Song Lyrics That Need One Minor Change - Your Input

The one-l lama
He’s a priest
The two-l llama
He’s a beast

Sinatra is clearly talking about a Tibetan priest (that’s what’s in the lyrics, not llama, which is not native to Tibet)

It’s four o’clock in the morning…
Damnit!
Listen to me good!

Not in the version I heard.

Ummm, yeah. That was my point. And that if they pronounced “llama” the way it appears on the lyric sheet, they can keep it in Peru. Otherwise, “REWRITE!”

Aren’t “llama” and “lama” pronounced identically in English?

Silenus, The Doors’ “Touch Me” is the first song to pop in my head when I saw this thread - and your version is exactly the way I’d change it. At least we can be glad they didn’t title it “Touch I”!

I actually think both of these are fine, artistic license-wise.

mmm

“Song she brang to me” :roll_eyes:

Possibly the worst rhyme in rock and roll.

ETA: Actually, Texas-“facts is” is possibly the worst rhyme in rock and roll. Sorry.

Should be:

Song she sung to me
Song she brung to me

:crazy_face:

Song she howled at me
Song she fouled for me

Mellencamp’s ‘Little Pink Houses’ has this lyric:

And there’s a woman in the kitchen
Cleanin’ up the evenin’ slop
And he looks at her and says, "Hey darlin’
I can remember when you could stop a clock."

I always thought “hey, doesn’t it mean when you say someone’s ‘face could stop a clock’ that they’re hideously ugly?”

Then I was in a dentist waiting room or someplace similar, reading a Mellencamp interview in a Rolling Stone magazine, and the interviewer started the article describing the scene where they met Mellencamp at his home, when his friend was visiting, and witnessed a friendly argument between them in which his friend was arguing my point, and Mellencamp was saying “no, no, it means she was so beautiful she could stop a clock”.
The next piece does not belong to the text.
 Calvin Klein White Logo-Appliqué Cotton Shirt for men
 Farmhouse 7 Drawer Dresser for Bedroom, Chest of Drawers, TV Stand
So I was amused to read that Mellencamp’s buddy agreed with me. But I don’t know how I’d change the lyric— maybe “I remember when you could turn some heads” and just change line two a bit to rhyme, the line that now ends with the word “slop”. It’s a terrible rhyme anyway.

Elton John’s “Tiny Dancer”

The words she knows
The tune she hums…

Um, shouldn’t that be just the opposite?

The tune she knows
The words she hums…

Paul McCartney’s Live and Let Die:
“This ever-changing world in which we live in”

uhh…how about dropping one of those “ins”, okay?

I saw commercially printed sheet music that said the line was Hey, darlin’… starve a flower, which almost makes sense, but not really.

Or just sing “ever-changing world in which we’re living…”

And there’s a woman in the bathroom
Scrubbing the toilet bowl clean
And he looks at her and says, Hey darling
I can remember when you were a beauty queen

Or better yet, “You’re still my beauty queen.”

Nice lyric fix!

The real problem with “Come Fly With Me” isn’t any particular choice of words, it goes beyond that. The first verse starts out beautifully if we’re thinking metaphorically:

Come fly with me, let’s fly, let’s fly away

So far so good.

If you could use some exotic booze
There’s a bar in old Bombay

Uh…what?

I’m going to travel half away around the world for a drink in a bar?
And when I think of alcoholic beverages, Bombay is way way way down on my list of destinations

“I’ll be Home for Christmas”:

…and presents oo-on the tree

Who the heck puts presents ON the tree? And the meter calls for a two-syllable word, there, anyway, so they have to stretch “on” way out. Just make it presents under the tree, and fix both problems.